Exercise data -
+++
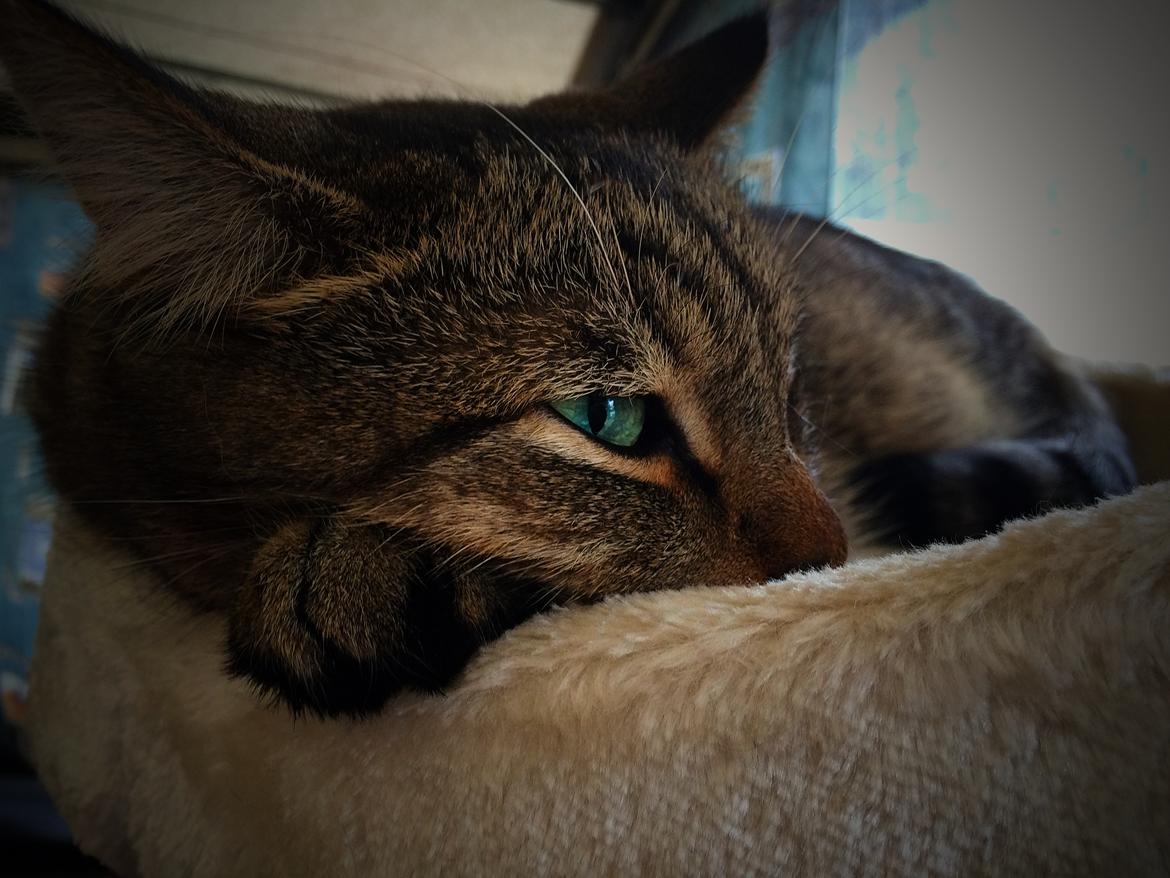 Huskat Ludvig the bulldog billede 17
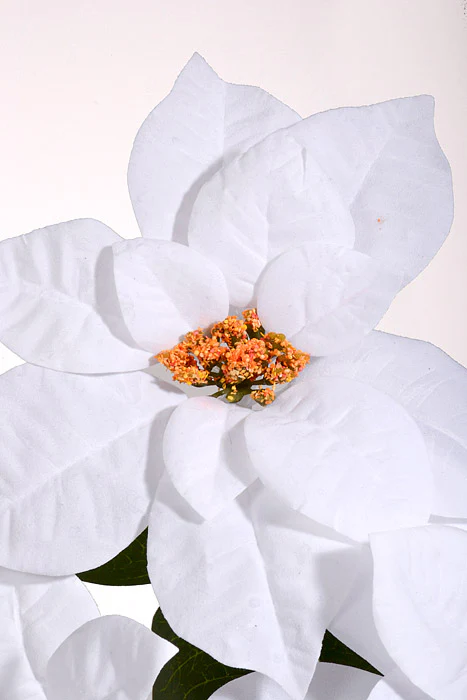 31" Velvet Poinsettia Spray White - Image 2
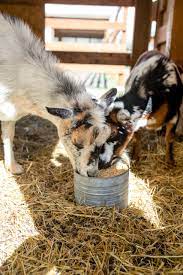 organic goat feed scratch peck feeds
+++
Directions -
Your copy must begin at the line containing "White - Image 2" and end at the last line of the material above. Reproduce each line exactly, but not the pictures.

Response -
 31" Velvet Poinsettia Spray White - Image 2
 organic goat feed scratch peck feeds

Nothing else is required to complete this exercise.